Burgum’un adı zamanında Trump’ın başkan yardımcılığı için de geçmişti; ancak kürtaj konusundaki muhafazakâr uygulamaları nedeniyle tepki çekebileceği düşünülerek geri planda kalmıştı. Trump, Doug Collins’i Gazi İşleri Bakanlığı’na atayarak yeni dönemde kendisine sadık isimleri ödüllendireceğini bir kez daha ortaya koydu. Collins, Trump’ın ilk azil soruşturması sırasında en öne çıkan savunucularından biri olarak dikkat çekmişti.
Trump’ın atamaları arasında en dikkat çekeni ise hükümet bürokrasisini küçültmek ve federal harcamaları azaltmak amacıyla kurulacak “Hükümet Verimliliği Bakanlığı’nın başına Elon Musk ve Vivek Ramaswamy’yi atayacağını açıklaması oldu.
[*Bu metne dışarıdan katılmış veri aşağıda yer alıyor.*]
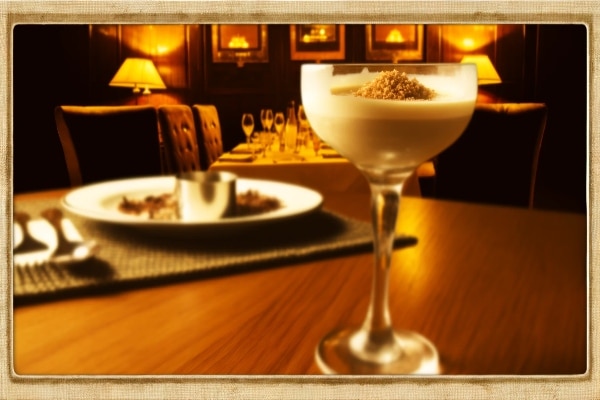 brandy alexander cocktail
Seçim sürecinde Trump’ın zaferinde kritik rol oynayan bu iki isim, özellikle kampanya boyunca aktif çalışmalarıyla dikkat çekti. Musk, sahibi olduğu X platformu üzerinden yoğun propaganda yaparak ve kampanyaya ciddi fon desteği sağlayarak Trump’a büyük katkı sağladı.
Ramaswamy ise kürtaj konusunda gençleri ikna etmek için yaptığı açıklamalarla dikkatleri çekmişti. Ramaswamy, Cumhuriyetçi Parti’nin başkan adayı olmak için aday olmuş ancak ön seçimlerin başında Trump lehine yarıştan çekildiğini açıklamıştı. Yeni kurulması planlanan bakanlık ile federal bütçeden 2 trilyon dolar tasarruf sağlanacağı iddia ediliyor. Ancak yeni bir bakanlığın kurulması için Senato’nun onayına ihtiyaç duyulması böyle bir bakanlığın kurulma sürecinin kolay olmadığını gösteriyor. Bakanlık seviyesinde olmasa da her iki ismin de önümüzdeki süreçte Trump yönetiminde aktif bir şekilde rol alması bekleniyor.
Geçtiğimiz hafta ABD’nin 47. Başkanı olarak seçilen Trump, hızlı bir şekilde kabinesini açıklayarak yeni döneme hazır olduğunun sinyallerini veriyor. İlk döneme kıyasla iç politikada kendisine sadık ve sert uygulamalar gerçekleştirebilecek isimlere öncelik verdiği gözlenen Trump’ın özellikle sınır güvenliği ve enerji sektöründe Biden yönetiminin uygulamaya koyduğu politikaları devre dışı bırakması bekleniyor. Ancak Matt Gaetz ve Kennedy gibi tartışmalı isimlere kabinesinde görev vereceğini açıklaması ile artan tepkiler bazı isimlerin Senato tarafından onaylanmasına engel olabilir.